Filosofia Reggae surgiu nos anos 2000, e atualmente, é formado pelas irmãs Dodo, Daiane de Paula David (Nina Roots), 36, e Danusa de Paula David (Dana David), 38. Todas da cidade de Mauá, na região do Grande ABC, em São Paulo.
Leia a entrevista completa abaixo:
Vocês diriam que o pico de sucesso do grupo veio com o lançamento da música “Sentimento Bom”, em 2004? Como foi essa época de oportunidades de shows e gravações?
Apesar de algumas músicas já estarem despertando o interesse do público em relação a banda , sim, damos todos os créditos ao sucesso trazido pela música Sentimento Bom, composição de Carlinhos Pontes. Com esse sucesso repentino, por se tratar de uma canção que entrou nos últimos instantes no processo final do CD Real Situação, foi uma grande surpresa todo o sucesso causado, rádios, programas de tv e o público recebem a canção de forma positiva abrindo muitas portas ao trio , mantendo-se em primeiro lugar por semanas nas principais fm’s de São Paulo e rádios comunitárias.

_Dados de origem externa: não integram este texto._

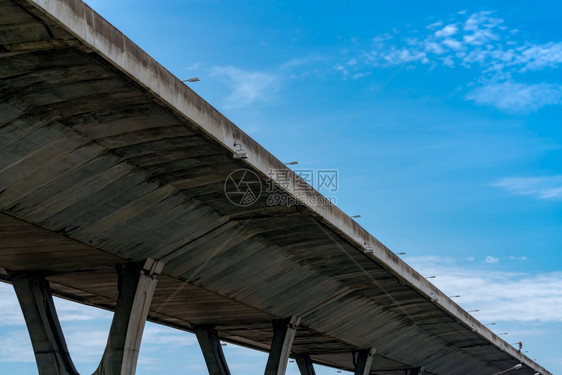 高架混凝土公路底视图立交混凝土公路道立交桥结构现代高速公路交通基础设施混凝土桥梁工程施建筑表示底部天空图片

Neste período, vocês relatam que não tem rolado mais convites de festivais e tampouco já participaram de grandes eventos do reggae, como o República do Reggae na Bahia. Como vocês explicam a falta de convite na cena musical?
Falamos de um cenário extremamente dominado por homens. A figura feminina desde sempre tem o estereótipo de back vocal, sempre um passo atrás de um homem, fazendo voz de apoio. Então surge o trio vocal que vem totalmente na contramão de toda essa tradição imposta no cenário, com isso torna-se uma certa afronta a um machismo estruturado no cenário, firmando a cada momento uma grande dificuldade em ser convidadas a participar dos festivais, até mesmo em eventos em comemoração ao DIA INTERNACIONAL DA MULHER, onde todos os shows realizados em homenagem às mulheres, feito por bandas onde se quer nota a presença feminina no palco. O República do Reggae, evento anual e de grande tradição realizado na cidade de Salvador-BA, sempre foi um dos maiores sonhos, mesmo em postagens nas redes sociais com pedido do público para que tivesse o prazer de ver o show ao vivo, ainda estamos longe de conseguir.
Em quase 20 anos de carreira, vocês afirmam ainda não conseguir independência financeira só com a música. O que cada uma tem feito para suprir o dinheiro que ainda não estão arrecadando com a Filosofia?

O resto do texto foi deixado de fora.